We also detected that LBP patients with specialised healthcare before DP granting had higher antidepressant treatment after DP than those without such care. Still, this should be interpreted with caution due to low power. Whether the difference is due to health, that is, those without previous healthcare being healthier than those with healthcare, or due to events occurring in the process to DP cannot be assessed with this study. Moreover, it can be assumed that there may be several influential factors affecting the prescription of antidepressants in individuals with DP. This may suggest that comorbidity,30 lifestyle21 or other factors such as work-related ones31 may play a role in the associations between prescription of antidepressants and DP, and the effects of these factors may be main effects, mediation or modification depending on the main diagnosis of DP. An earlier study has indicated that in relation to statutory retirement, the prescription of antidepressants decreases after retirement showing somewhat a similar trend than after granting of DP, although the level of prescription of antidepressants remained at slightly higher level in our study.13 Hence, these findings call for contact and control from healthcare in order to avoid a worsening prognosis and to identify the true state of mental health when the loading of work has been relieved.

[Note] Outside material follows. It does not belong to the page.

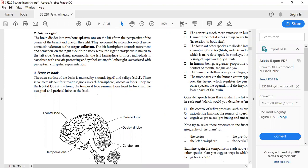The parietal lobe controls comprehension — the understanding of certain things. It also includes visual function, language reading, and understanding stimuli. For example, if there is writing on a board and you know the written words, the perception of that stimulus and its comprehension — its understanding — is through the parietal lobe. Any stimulus in front of you is understood through the parietal lobe.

Pathways to DP due to musculoskeletal and somatic diagnoses seem to be partly driven by adverse mental health, which remains at a higher level after DP. The increasing prescription of antidepressants prior to DP suggests that special attention should be paid to mental health during the process of becoming work incapacitated in terms of early identification and prevention of mental disorders or symptoms and consequently of DP. Furthermore, the period after DP needs also attention to avoid deterioration of mental health.
Contributors EM-R, TED, AR, MH and PS were involved in the study conception and design. EM-R was responsible for acquisition of data. EM-R, SGR and AR conducted the statistical analyses. AR drafted the manuscript, and all the authors contributed to interpretation of data and the critical revision of the manuscript.
Funding This study was supported by AFA insurance.
Competing interests None declared.
Patient consent for publication Not required.
Ethics approval The study population was identified by linking several nationwide registers. In Sweden, ethical approval is always required when using sensitive register data from authorities. The ethical vetting was performed by the Regional Ethical Review Board of Stockholm, Sweden according to the Swedish Ethical Review Act and after that also by each of the three different authorities/data keepers (Statistics Sweden, the National Board of Health and Welfare, and the National Social Insurance Agency) according to the Public Access to Information and Secrecy Act, the Personal Data Act, and the Administrative Procedure Act. The Regional Ethical Review Board can waive the requirement to consult in these type of large register studies, and for this project stated that the consent to participate was not applicable.
Provenance and peer review Not commissioned; externally peer reviewed.
Data availability statement No data are available.